• TASK PROMPT: A word-for-word copy of the data, with no images, is the required answer.

*** Begin section ***

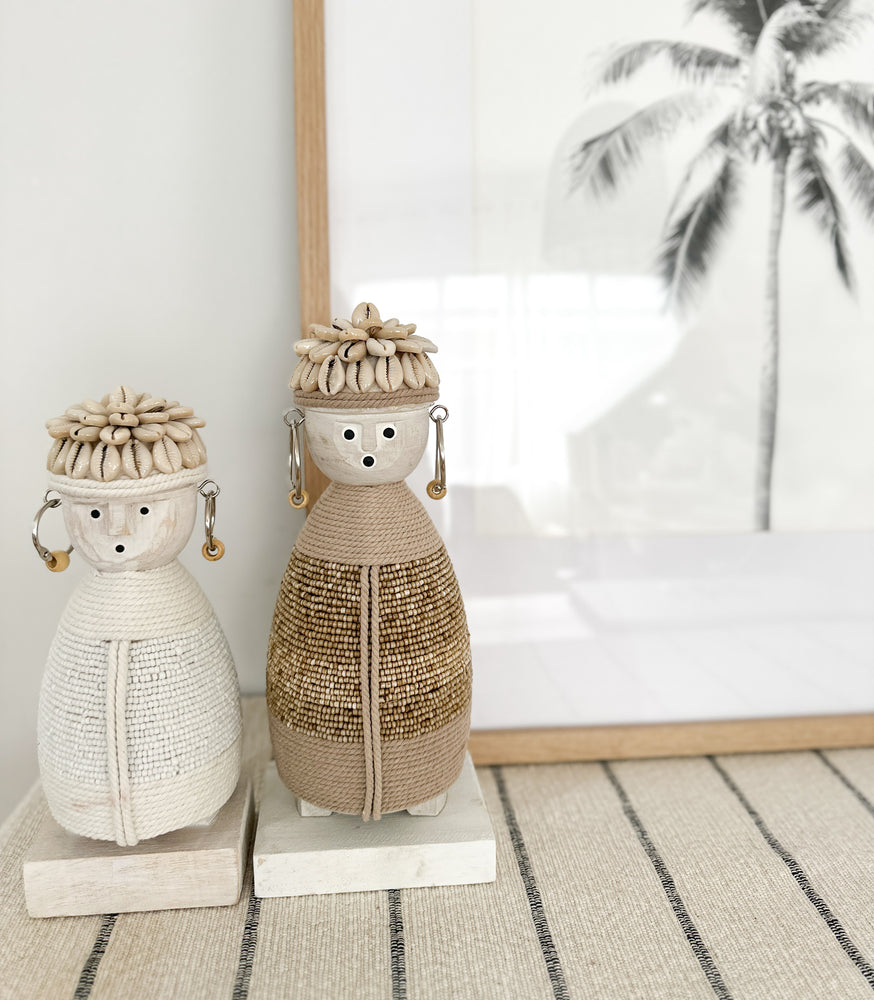 small white and medium beige dolls with macramé bodies, shell hats and beaded earrings on a wooden stand with a palm tree picture in background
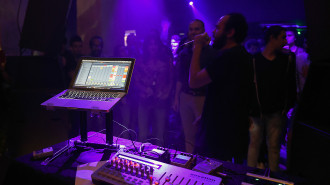 Egyptian musician Abdullah Miniawy (R) performs at a nightclub in Cairo, on October 26, 2016 [Getty]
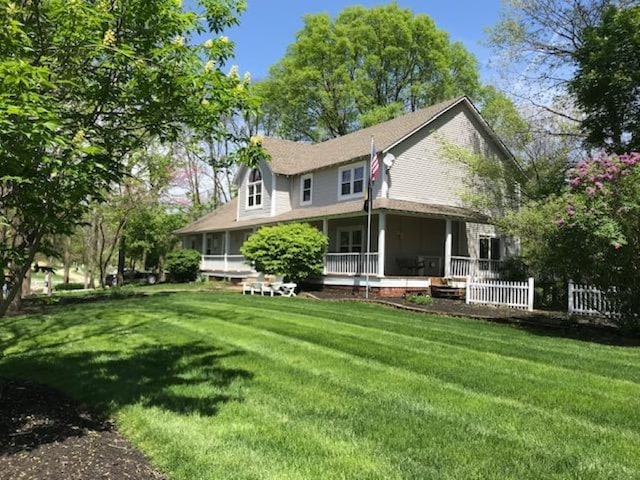 rear view of property featuring a porch and a lawn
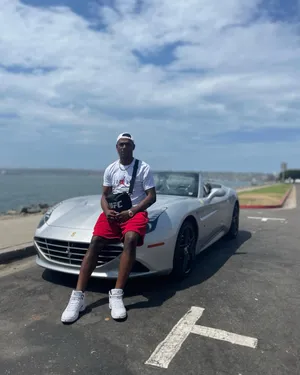 Jamahal Hill Sitting On Hood Of Ferrari Wallpaper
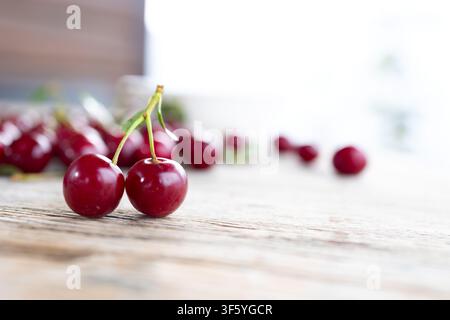 Pair of glossy ripe cherries with green stems positioned on weathered wooden table with scattered out of focus cherries in soft bright background, natural daylight highlights deep red fruit skin Stock Photo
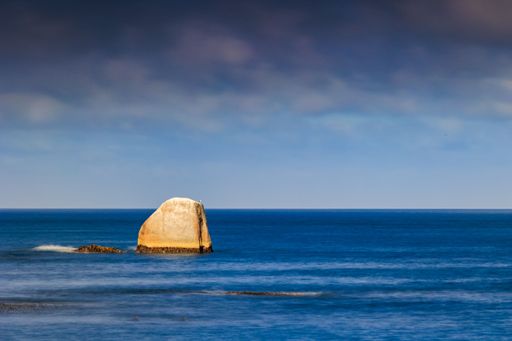 An idyllic summer scene featuring a stunning ocean view with a clear blue sky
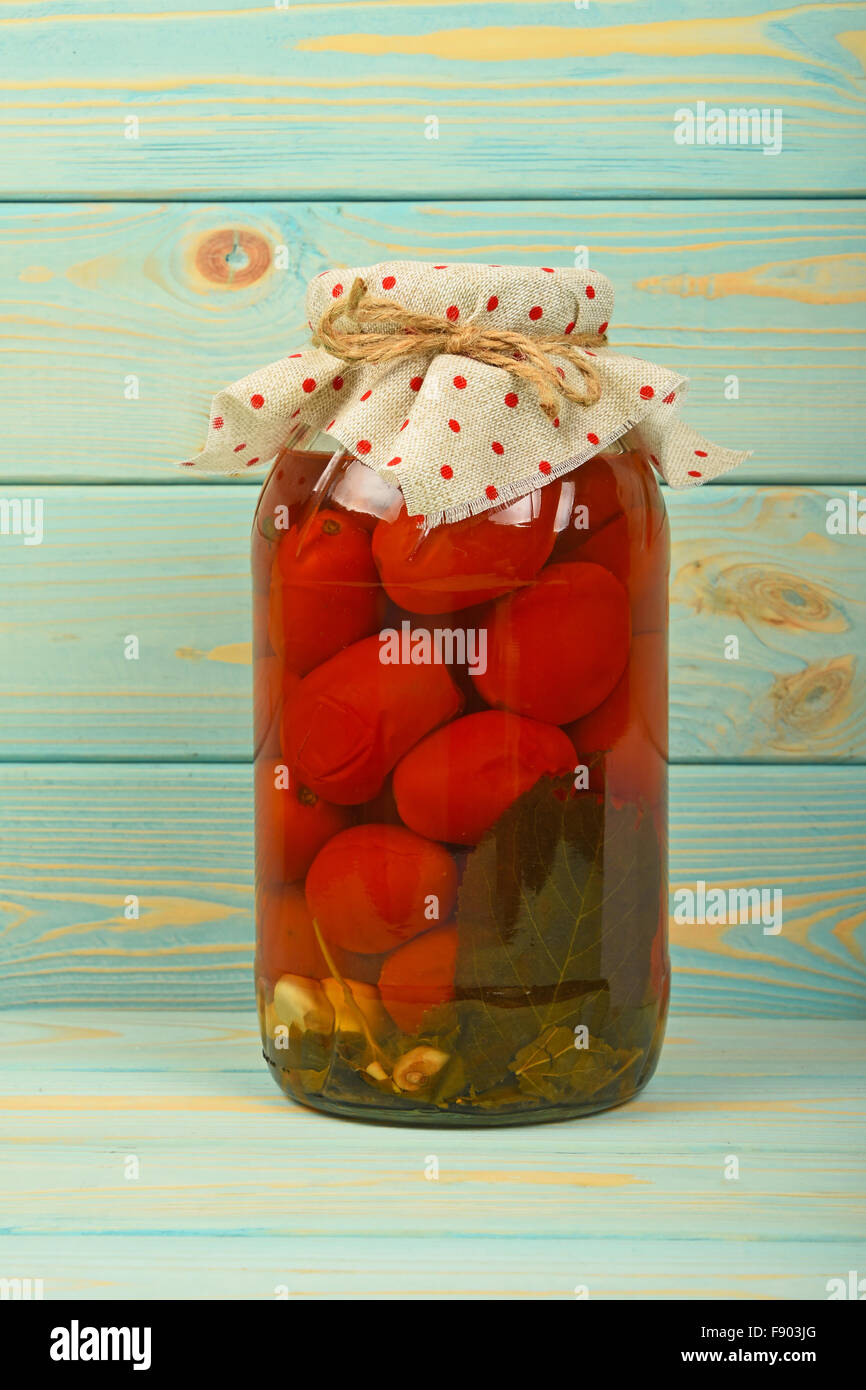 One Big Glass Jar Of Homemade Pickled Tomatoes With Dotted Textile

*** End section ***

• ANSWER TO THIS PROBLEM:
 small white and medium beige dolls with macramé bodies, shell hats and beaded earrings on a wooden stand with a palm tree picture in background
 Egyptian musician Abdullah Miniawy (R) performs at a nightclub in Cairo, on October 26, 2016 [Getty]
 rear view of property featuring a porch and a lawn
 Jamahal Hill Sitting On Hood Of Ferrari Wallpaper
 Pair of glossy ripe cherries with green stems positioned on weathered wooden table with scattered out of focus cherries in soft bright background, natural daylight highlights deep red fruit skin Stock Photo
 An idyllic summer scene featuring a stunning ocean view with a clear blue sky
 One Big Glass Jar Of Homemade Pickled Tomatoes With Dotted Textile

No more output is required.